I’ve always been fascinated by Machine Learning. This began in the seventh standard when I discovered a second-hand book on Neural Networks for my ZX Spectrum.
Currently, I’m in the process of sharpening my mathematical intuition and theoretical foundations in some of these areas. This is a current map of stuff I’m working through. Some of the areas which do not have a lot of detail are those whice I need to either revisit, or are very unfamiliar to me.
There are a couple of things worth noting here:
Note: Click the image below to open the larger version.
Let’s try to unpack some of the relationships between the mathematics areas and the ML application areas.
Linear Algebra: You will need this for almost any Machine Learning technique. This is due to the fact that almost every ML problem is formulated in terms of matrices and vectors (and their combinations). Almost every problem’s solution is stated in the form of some condition in the Linear Algebra landscape. Concepts like null space, quadratic form assume importance. Specific concepts in Linear Algebra also contribute hugely to simplification of calculations (eg: diagonisation) as well as valuable analytical insights (eg: Principal Components Analysis).
Probability: A lot of ML solutions have several underlying assumptions. One of the most important assumptions is how the data is distributed. This probability distribution dictates whether the theoretical solution needs to take extra steps (eg: Generalised Linear Models), or whether the solution can be obtained in a closed form or not (eg, Maximum Likelihood Estimation). Specific Machine Learning techniques are probabilistic at their core (eg: Gaussian Mixture Models).

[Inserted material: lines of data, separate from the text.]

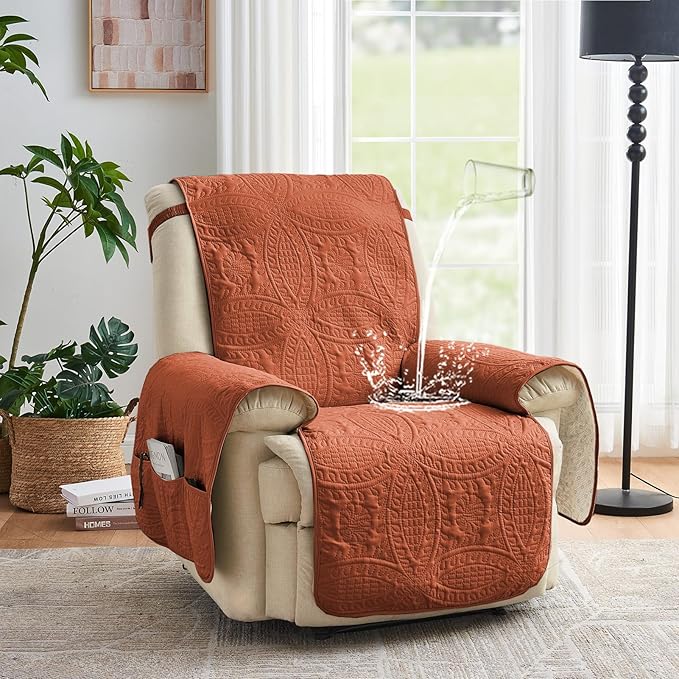 Orange Quilted TV Recliner Covers, Waterproof Medium Recliner Chair Covers, Lazy Boy Chair Covers, Pet Friendly Recliner Slipcover for Dogs, Washable Couch Cover (Recliner 26", Burnt Orange)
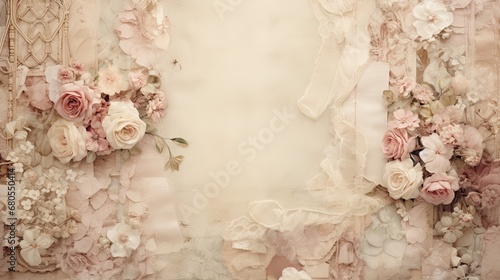A vintage-inspired arrangement array in sepia and cream, embellished with antique lace and faded rose motifs.  © Dannchez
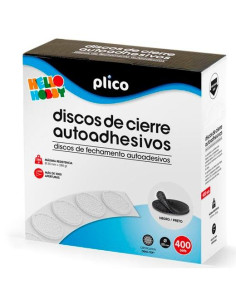 PLICO DISCOS DE CIERRE TEXTIL AUTOADHESIVO Ø20MM -CAJA 400- NEGRO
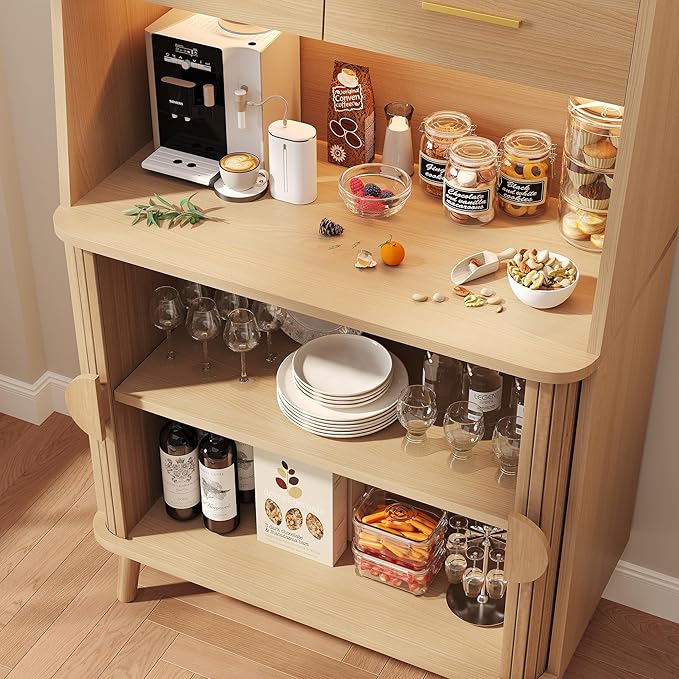 Decofy 47.2" Sideboard Buffet Cabinet with LED Light & Sliding Door, Modern Storage Cabinet with Adjustable Shelf &2 Drawers, Coffee Bar for Kitchen, Entryway(Oak)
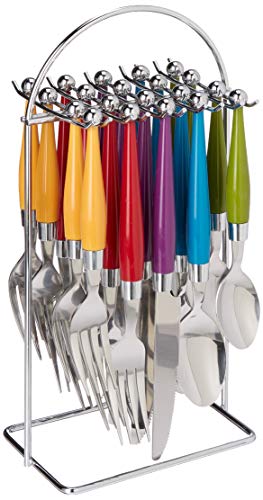 Gibson Art Deco Green Blue Red Yellow 20 Piece Flatware Silverware Set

Optimisation: This is a huge topic, but I will point out a few areas definitely worth studying. Gradient Descent (or Ascent) is a very important heuristic approach to maximising/minimising cost when no closed form solutions are available. A lot of Machine Learning techniques directly or indirectly state the problem to be solved using Linear Programming or Quadratic Programming (eg: Support Vector Machines). Restatements of optimisation problems using their duals (eg: Langrangian Multipliers) can also lead to significant reduction in computation complexity (eg: Kernel Trick)
Calculus: Even an undergraduate level of understanding of calculus will benefit tremendously. Mostly, calculus is used to derive conditions of maxima/minima. Differential Calculus underlies derivations of almost every optimisation algorithm (eg: Gradient Descent). Integrals are most commonly observed in probability derivations, and partial differentials are usually encountered routinely in problems involving more than one variable. Hessian matrices (calculus + algebra) are used in large-scale optimisation problems (eg: Newton-Raphson method).
Other posts will attempt to disseminate some of this intuition, with the necessary math.